Uno de los momentos más difíciles en un velatorio es el de cerrar la tapa del ataúd. Todos quieren besar por última vez al difunto y redoblan los llantos ante la idea de no volver a ver tan querido rostro. La hija y las nietas lloraban como magdalenas. La Tieta bramaba con voz cazallera: “¡Qué pena me s’ha clavao aquí dentro! ¡Son como los puñales de la Dolorosa! Nena, échame otro vasete a ver si me se alivia el quemazón”.
La casa de mis amigas tenía tres plantas, con unas escaleras muy estrechas. Al ir a bajar el ataúd se dieron cuenta de que por ahí no iba a caber fácilmente. Mi Chache, que también le había dado al orujo y es tan burro que no vale ni para el arao, empezó a gritar que había que descolgar la caja por la ventana. Él iba a la obra de enfrente, pedía unas vigas y una polea y lo bajaban en un tris. Lo tuve que callar de un pescozón. Estuvo sin hablarme una semana.
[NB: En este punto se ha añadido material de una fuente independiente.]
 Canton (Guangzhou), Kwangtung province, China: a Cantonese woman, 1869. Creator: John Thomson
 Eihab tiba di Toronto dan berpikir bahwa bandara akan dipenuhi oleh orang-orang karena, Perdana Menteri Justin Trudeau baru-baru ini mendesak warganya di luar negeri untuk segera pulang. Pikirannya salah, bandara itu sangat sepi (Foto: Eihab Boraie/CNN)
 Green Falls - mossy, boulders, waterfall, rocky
El Chispas, que también es algo brutote, apuntó que mejor sacarla por las escaleras de la cocina, metálicas. Cuando vieron que tampoco cabía, se ofreció a ir a su casa a coger una radial para cortar o un trozo de escalera o de ataúd. Menos mal que su Pili le quitó la idea. Otros que estuvieron sin hablarse un tiempo.
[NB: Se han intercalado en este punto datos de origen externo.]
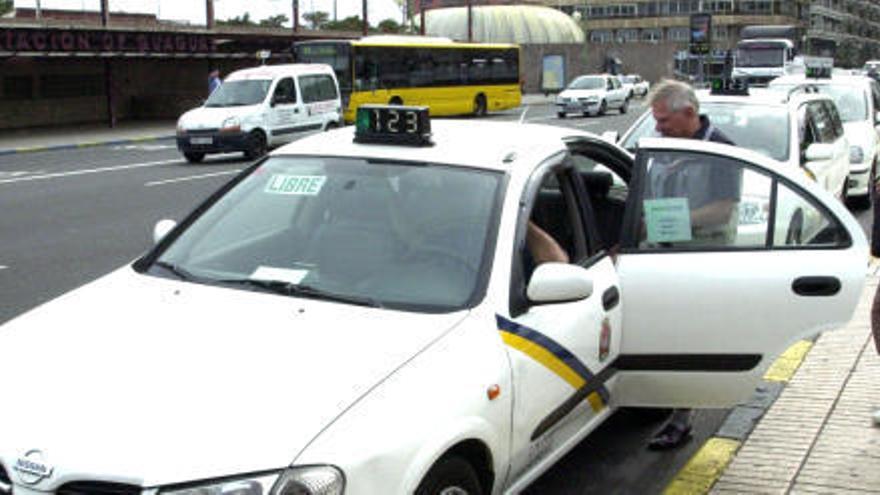 Un taxista recoge a una pareja en el parque San Telmo. | LP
Gracias al Goli, que era muy mañoso, y a Ernesto, habituado a mover los muebles que confeccionaba en su carpintería, al final consiguieron bajarla. Tuvieron que poner vertical la caja. Como tampoco podían sacarla a hombros por la puerta, hubieron de llevarla por las asas laterales.
A la Vicenta le gustaba mucho la banda de música. El Nino padre, que tocaba el tambor, había juntado a algunos músicos para que acompañaran el cortejo a la iglesia.
El Nino hijo, que también había estado en el Peribolo e iba como iba, se había apuntado como nazareno a una cofradía. Al ver a sus amigos llevando todavía abajo el ataúd gritó como si estuviera en Semana Santa: “¡Al cielo con ella!”. Los otros cargaron la caja sobre los hombros mientras que la banda tocaba el himno de España y alguno gritaba “guapa, guapa y guapa”.
—No se merecía menos —apostillaba la Tieta.
Al llegar al cementerio, la Rosa pidió que metieran en la caja los restos de su tía Rosa, que tan bien había criado a su madre. Abrieron la parte de arriba y allí no estaba la abuela.
—¡Fijaos si era buena que los ángeles la han subido ya al cielo! —bramó la Tieta.
Algo amoscado, el sepulturero abrió la parte inferior. Tantos traqueteos le habían dado que la pobre abuela se había guarecido allá abajo.
Esmeralda susurró:
—Jolín, mi yaya, qué chiqueteta.
—Es que los muertos encogen —intervino la Tieta.
—No tanto. Ni tan rápido —apostilló Antonio.
Todos estallamos en carcajadas. Era el último regalo que nos hizo la Vicenta: reírnos con sus cosas incluso en su entierro.